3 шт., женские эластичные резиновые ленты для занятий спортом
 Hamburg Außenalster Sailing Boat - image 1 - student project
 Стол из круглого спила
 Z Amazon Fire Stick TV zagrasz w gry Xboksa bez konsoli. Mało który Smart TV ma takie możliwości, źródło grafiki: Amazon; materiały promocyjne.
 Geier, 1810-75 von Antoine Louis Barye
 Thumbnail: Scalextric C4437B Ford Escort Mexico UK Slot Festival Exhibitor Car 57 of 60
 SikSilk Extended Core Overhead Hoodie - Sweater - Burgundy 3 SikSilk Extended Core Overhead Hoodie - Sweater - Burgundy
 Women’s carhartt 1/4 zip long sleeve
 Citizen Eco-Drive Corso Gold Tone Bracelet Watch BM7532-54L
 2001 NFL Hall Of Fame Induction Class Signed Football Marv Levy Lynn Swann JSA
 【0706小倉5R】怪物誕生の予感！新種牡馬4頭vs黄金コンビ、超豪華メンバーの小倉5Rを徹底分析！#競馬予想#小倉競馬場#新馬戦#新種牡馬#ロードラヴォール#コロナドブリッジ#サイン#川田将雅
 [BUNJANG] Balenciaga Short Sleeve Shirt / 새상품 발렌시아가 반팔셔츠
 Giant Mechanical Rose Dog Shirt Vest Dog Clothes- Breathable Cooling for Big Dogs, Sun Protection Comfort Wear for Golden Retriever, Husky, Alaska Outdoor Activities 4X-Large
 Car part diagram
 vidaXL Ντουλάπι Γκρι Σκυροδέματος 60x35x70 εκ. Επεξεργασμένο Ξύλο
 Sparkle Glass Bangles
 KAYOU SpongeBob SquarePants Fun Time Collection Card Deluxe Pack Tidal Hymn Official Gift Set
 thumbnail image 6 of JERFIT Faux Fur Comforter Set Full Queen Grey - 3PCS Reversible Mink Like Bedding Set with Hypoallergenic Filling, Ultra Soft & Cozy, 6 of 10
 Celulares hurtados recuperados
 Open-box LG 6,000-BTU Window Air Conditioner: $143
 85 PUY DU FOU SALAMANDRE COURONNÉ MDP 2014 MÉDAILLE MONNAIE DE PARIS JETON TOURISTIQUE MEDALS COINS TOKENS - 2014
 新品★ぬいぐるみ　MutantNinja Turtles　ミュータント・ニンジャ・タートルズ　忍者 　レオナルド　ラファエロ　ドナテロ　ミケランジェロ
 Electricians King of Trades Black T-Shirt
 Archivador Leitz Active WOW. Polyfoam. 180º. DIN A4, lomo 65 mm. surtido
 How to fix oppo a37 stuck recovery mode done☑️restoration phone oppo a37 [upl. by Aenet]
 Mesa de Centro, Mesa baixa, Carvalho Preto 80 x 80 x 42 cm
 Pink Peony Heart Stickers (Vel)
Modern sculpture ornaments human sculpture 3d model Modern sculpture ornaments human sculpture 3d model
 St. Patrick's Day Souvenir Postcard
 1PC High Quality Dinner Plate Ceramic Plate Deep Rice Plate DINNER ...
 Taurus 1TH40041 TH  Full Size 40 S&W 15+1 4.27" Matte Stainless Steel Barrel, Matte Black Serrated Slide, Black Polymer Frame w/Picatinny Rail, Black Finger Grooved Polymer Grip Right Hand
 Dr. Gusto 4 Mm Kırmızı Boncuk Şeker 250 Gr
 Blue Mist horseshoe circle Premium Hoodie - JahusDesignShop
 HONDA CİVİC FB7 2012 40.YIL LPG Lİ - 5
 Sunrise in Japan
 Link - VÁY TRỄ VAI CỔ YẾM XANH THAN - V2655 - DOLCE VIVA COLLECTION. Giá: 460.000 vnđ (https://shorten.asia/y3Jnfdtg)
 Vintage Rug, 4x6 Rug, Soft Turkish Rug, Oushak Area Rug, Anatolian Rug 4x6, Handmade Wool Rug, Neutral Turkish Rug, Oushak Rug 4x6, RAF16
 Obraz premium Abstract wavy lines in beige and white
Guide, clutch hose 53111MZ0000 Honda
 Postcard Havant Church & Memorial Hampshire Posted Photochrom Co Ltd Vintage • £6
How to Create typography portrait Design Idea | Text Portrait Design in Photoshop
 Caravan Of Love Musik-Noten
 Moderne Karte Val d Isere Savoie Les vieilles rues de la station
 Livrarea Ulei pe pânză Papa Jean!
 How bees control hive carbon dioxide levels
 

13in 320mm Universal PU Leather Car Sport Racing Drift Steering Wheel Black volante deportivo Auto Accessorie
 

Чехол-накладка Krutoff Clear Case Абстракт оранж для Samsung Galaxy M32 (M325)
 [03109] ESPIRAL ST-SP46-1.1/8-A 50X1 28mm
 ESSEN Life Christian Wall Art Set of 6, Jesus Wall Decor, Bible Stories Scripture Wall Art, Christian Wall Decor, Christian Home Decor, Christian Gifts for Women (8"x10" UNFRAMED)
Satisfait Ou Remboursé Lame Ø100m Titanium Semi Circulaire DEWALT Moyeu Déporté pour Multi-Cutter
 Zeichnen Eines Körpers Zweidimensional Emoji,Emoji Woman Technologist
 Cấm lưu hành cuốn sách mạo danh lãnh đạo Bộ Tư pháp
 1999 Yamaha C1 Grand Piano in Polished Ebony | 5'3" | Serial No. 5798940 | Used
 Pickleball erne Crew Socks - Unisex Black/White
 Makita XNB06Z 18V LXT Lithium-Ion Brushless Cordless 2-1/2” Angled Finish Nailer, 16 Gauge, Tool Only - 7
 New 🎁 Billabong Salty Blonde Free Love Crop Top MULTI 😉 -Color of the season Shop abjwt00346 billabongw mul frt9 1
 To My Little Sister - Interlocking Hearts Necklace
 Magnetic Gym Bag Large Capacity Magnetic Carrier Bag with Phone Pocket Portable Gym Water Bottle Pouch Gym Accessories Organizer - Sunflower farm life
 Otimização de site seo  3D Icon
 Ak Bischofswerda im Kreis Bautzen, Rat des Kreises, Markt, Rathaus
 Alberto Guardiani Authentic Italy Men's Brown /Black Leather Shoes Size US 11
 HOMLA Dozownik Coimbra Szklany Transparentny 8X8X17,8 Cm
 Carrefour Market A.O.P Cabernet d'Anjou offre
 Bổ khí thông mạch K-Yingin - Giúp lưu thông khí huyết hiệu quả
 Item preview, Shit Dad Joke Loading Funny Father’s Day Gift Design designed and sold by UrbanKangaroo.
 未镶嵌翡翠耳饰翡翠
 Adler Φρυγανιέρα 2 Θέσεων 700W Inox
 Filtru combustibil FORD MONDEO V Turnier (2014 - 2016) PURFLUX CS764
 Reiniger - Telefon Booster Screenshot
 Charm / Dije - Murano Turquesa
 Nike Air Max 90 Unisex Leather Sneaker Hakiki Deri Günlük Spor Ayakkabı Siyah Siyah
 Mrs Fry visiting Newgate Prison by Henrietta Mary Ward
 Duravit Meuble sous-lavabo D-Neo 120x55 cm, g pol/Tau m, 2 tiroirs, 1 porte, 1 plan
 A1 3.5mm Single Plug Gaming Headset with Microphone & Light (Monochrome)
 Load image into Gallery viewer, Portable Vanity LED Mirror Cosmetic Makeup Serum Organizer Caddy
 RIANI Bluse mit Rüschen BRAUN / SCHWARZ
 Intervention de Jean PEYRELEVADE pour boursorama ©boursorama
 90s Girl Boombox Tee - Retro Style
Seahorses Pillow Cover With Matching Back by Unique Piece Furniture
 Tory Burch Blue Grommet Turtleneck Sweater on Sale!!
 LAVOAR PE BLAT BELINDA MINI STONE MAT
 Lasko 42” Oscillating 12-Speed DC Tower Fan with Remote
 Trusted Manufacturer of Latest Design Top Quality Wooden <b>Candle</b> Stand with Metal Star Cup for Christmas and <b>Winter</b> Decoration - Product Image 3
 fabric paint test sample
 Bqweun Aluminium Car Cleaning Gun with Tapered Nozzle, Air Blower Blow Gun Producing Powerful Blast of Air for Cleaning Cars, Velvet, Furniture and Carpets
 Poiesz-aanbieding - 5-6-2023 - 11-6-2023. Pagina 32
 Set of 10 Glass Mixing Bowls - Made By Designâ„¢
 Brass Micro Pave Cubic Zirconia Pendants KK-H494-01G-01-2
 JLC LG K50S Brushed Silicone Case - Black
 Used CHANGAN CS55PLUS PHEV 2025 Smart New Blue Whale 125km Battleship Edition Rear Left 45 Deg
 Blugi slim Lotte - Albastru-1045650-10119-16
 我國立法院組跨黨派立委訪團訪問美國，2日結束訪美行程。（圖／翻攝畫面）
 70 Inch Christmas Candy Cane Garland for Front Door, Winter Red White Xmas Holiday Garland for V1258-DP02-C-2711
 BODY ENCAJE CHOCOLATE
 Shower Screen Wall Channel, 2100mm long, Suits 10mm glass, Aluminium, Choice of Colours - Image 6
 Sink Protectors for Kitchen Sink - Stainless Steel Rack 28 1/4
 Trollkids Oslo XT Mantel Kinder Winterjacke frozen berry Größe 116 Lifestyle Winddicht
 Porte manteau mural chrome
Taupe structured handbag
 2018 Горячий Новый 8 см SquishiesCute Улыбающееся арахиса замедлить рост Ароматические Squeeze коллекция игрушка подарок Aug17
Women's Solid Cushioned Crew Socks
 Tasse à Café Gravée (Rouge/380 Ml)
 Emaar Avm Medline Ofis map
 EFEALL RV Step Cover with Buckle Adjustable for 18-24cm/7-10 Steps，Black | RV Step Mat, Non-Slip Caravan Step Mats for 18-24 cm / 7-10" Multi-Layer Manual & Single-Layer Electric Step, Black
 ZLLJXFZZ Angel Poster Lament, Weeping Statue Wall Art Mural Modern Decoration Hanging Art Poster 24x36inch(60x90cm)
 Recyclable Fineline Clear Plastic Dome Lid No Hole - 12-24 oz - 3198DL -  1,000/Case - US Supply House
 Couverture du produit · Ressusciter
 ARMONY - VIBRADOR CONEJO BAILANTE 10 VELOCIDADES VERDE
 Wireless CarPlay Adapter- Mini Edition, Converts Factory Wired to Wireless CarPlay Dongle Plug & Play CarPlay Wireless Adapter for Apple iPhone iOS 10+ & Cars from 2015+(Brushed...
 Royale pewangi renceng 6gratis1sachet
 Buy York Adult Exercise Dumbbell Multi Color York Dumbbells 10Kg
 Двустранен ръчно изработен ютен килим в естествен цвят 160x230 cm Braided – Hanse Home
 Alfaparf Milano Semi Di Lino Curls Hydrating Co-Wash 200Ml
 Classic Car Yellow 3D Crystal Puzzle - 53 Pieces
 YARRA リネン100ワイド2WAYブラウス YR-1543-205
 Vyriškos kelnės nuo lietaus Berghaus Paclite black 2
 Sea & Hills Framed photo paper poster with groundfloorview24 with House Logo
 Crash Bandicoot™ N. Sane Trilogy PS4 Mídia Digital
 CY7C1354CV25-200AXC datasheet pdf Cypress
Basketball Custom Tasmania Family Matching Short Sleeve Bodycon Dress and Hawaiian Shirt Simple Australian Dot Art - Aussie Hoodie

EXERCISE PROMPT
Above are the lines; repeat exactly the ones from the line containing "ARMONY - VIBRADOR" down to the line containing "Royale pewangi renceng 6gratis1sachet", both inclusive.

FINAL ANSWER
 ARMONY - VIBRADOR CONEJO BAILANTE 10 VELOCIDADES VERDE
 Wireless CarPlay Adapter- Mini Edition, Converts Factory Wired to Wireless CarPlay Dongle Plug & Play CarPlay Wireless Adapter for Apple iPhone iOS 10+ & Cars from 2015+(Brushed...
 Royale pewangi renceng 6gratis1sachet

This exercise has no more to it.